For layer component information, data error and uncertainty can be applicable to wide variety of different types of layer features, including many of the layers listed previously. For example, a data layer feature with data error and uncertainty can include locations of settlements where groups of people live. The locations of settlements can change over time as groups of people move to different areas for a variety of reasons. For example, food and water supply, political and religious discourse, and a variety of other reasons can cause settlements to move. Thus, layer component information about settlements can be highly inaccurate if the settlement location information has not been verified in a more recent period of time. However, if settlement location information is more recent, the information can most likely be more accurate.

In an exemplary embodiment of the invention, the layer uncertainty component 105, layer uncertainty module, can provide a confidence value for the layer component information. For example, the confidence values can be assigned for the layer component on a rated scale from 1 to 5. A confidence value of 1 can represent highly accurate information, while a confidence level of 5 can represent highly inaccurate information. The confidence value for the one or more feature layers can subsequently be incorporated into the system 100 to produce a geospatial forecasting assessment.

A proximity component 170 can provide analysis for identifying and measuring a proximity measurement associated with an element of each cell. For each cell, the proximity component 170 can help determine a cell element from which measurements can be taken. The proximity component 170 can determine a measurement for each cell from the cell element (e.g., midpoint) to the variable of interest. In one embodiment, this measurement is the nearest neighbor distance. The proximity component 170 can store all measurements and calculations for later use when examining signature information associated with actual training data.

In one embodiment, the layer component 115 can include an update layer element that can operate to update the spatial database 120 upon receiving changes to existing layers or entirely new layers. The update layer element can trigger the layer component 115 to notify the proximity component 170 upon receipt of the updated or new layer, at which point the proximity component can either complete whatever current processing is occurring, or the proximity component 170 can delay any further processing until the updated or new layer is incorporated. To the extent the new or updated layer is part of the currently processing assessment, the proximity component 170 can re-initiate this segment of the analysis. In an exemplary embodiment of the invention, the updated layer element can incorporate the confidence values from the layer component uncertainty 115.

An event likelihood component (ELC) 145 can perform analysis based on signatures constructed from available actual data received. For example, the actual data can be received from an event data component 125, or event data module. The ELC 145 could use this event data, or training data, to determine likelihood of similar events occurring in the geospatial boundary. For example, the event data can be locations where previous armed robberies occurred.

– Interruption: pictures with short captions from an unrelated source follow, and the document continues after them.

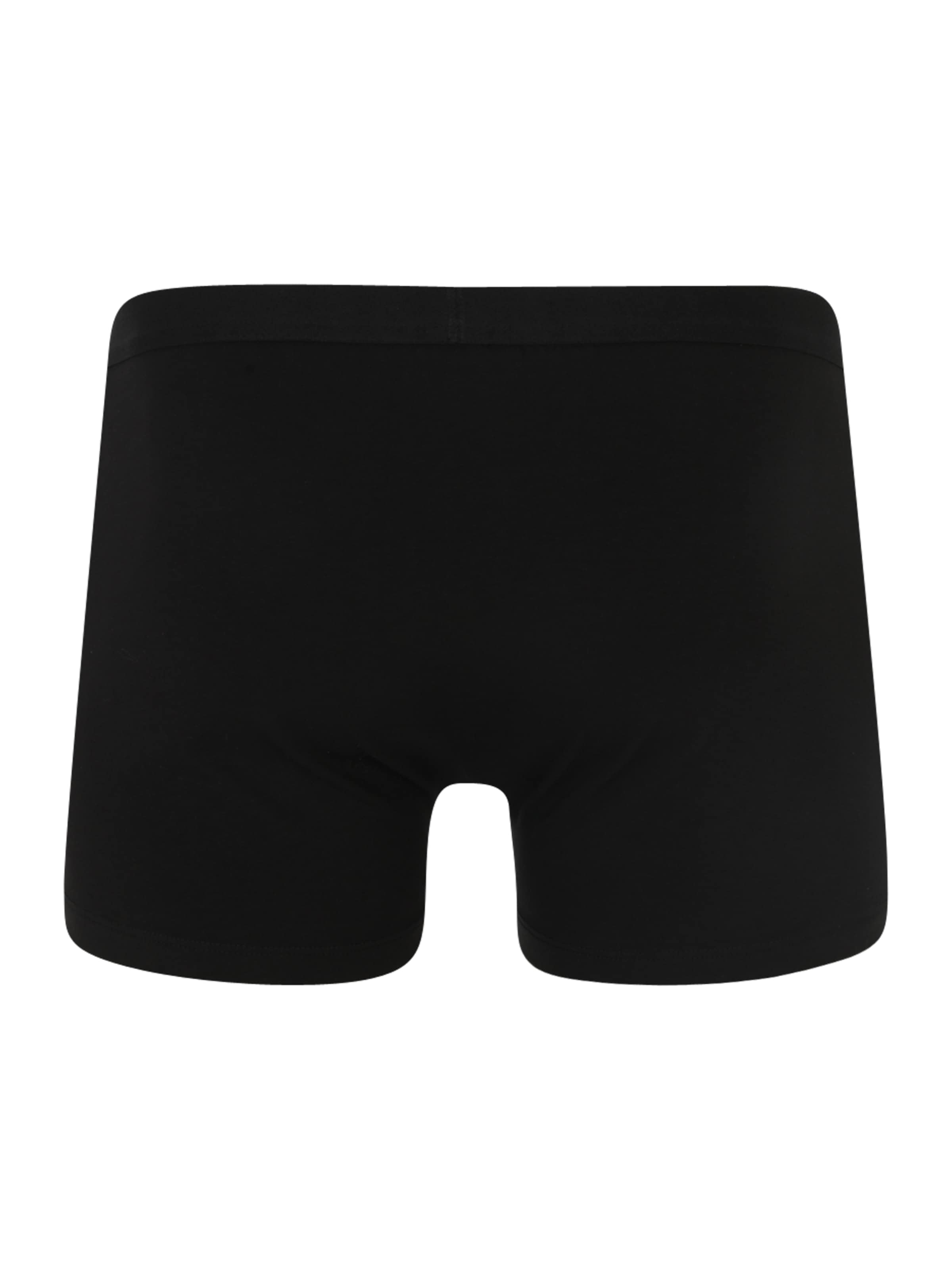 Boxers 'Dante' ABOUT YOU en noir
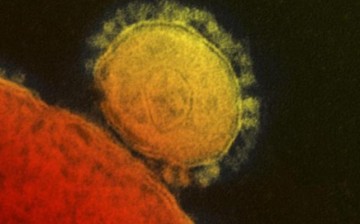 The new remedy could be the cure to the deadly MERS-Cov.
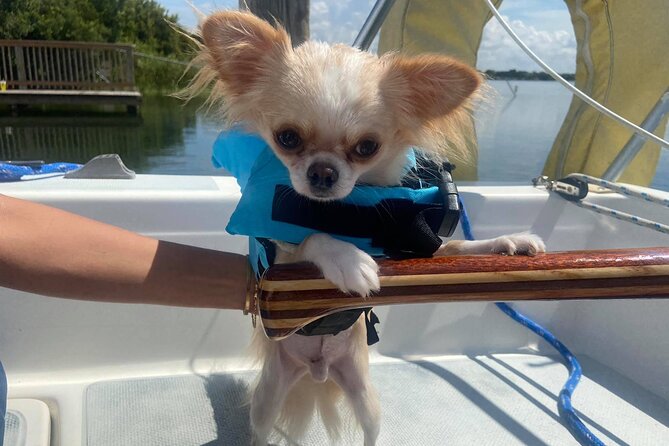 Private 2-Hour Day Sailing Experience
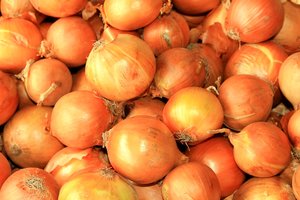 Itin išpopuliarėję žieminiai svogūnai derliumi gali nuvilti, jei nepaisysite vienos taisyklės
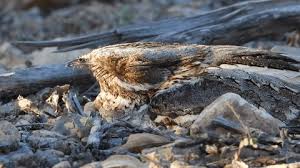 Image result for Caprimulgus ruficollis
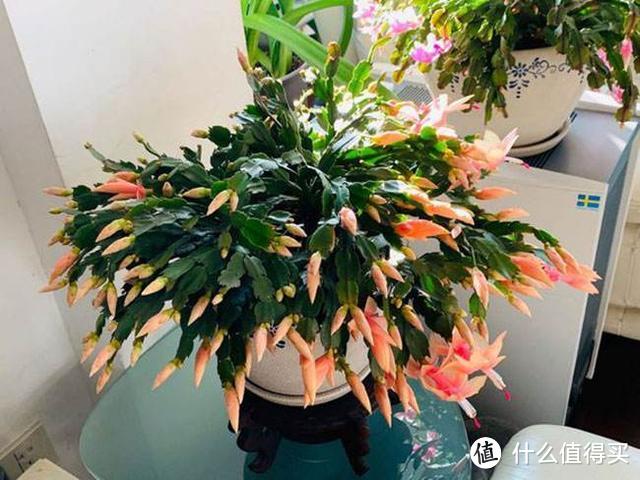 温度还没降，7种花要“停水”，不能乱浇，可能会要了它们的命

In addition to utilizing the event data input component 125, the ELC 145 can also perform analysis based on signatures constructed from incorporating event data uncertainty information from an event data uncertainty module 130. As noted, event data can have data error and uncertainty associated with it that can impact a final assessment. The data error and uncertainty can be applicable to wide variety of event data. The most common example of event data error and uncertainty is typically position data. Other types of data error and uncertainty can be incorporated from a historical events database 165. This database can include data regarding many historical events that can be helpful in forecasting future events.

In an exemplary embodiment of the present invention, the layer uncertainty module 105 and the event data uncertainty module 130 can be stored in a layer information and event information uncertainty module. In another exemplary embodiment of the present invention, the layer module 115 and the event data module 125 can be stored in a layer information and event information module.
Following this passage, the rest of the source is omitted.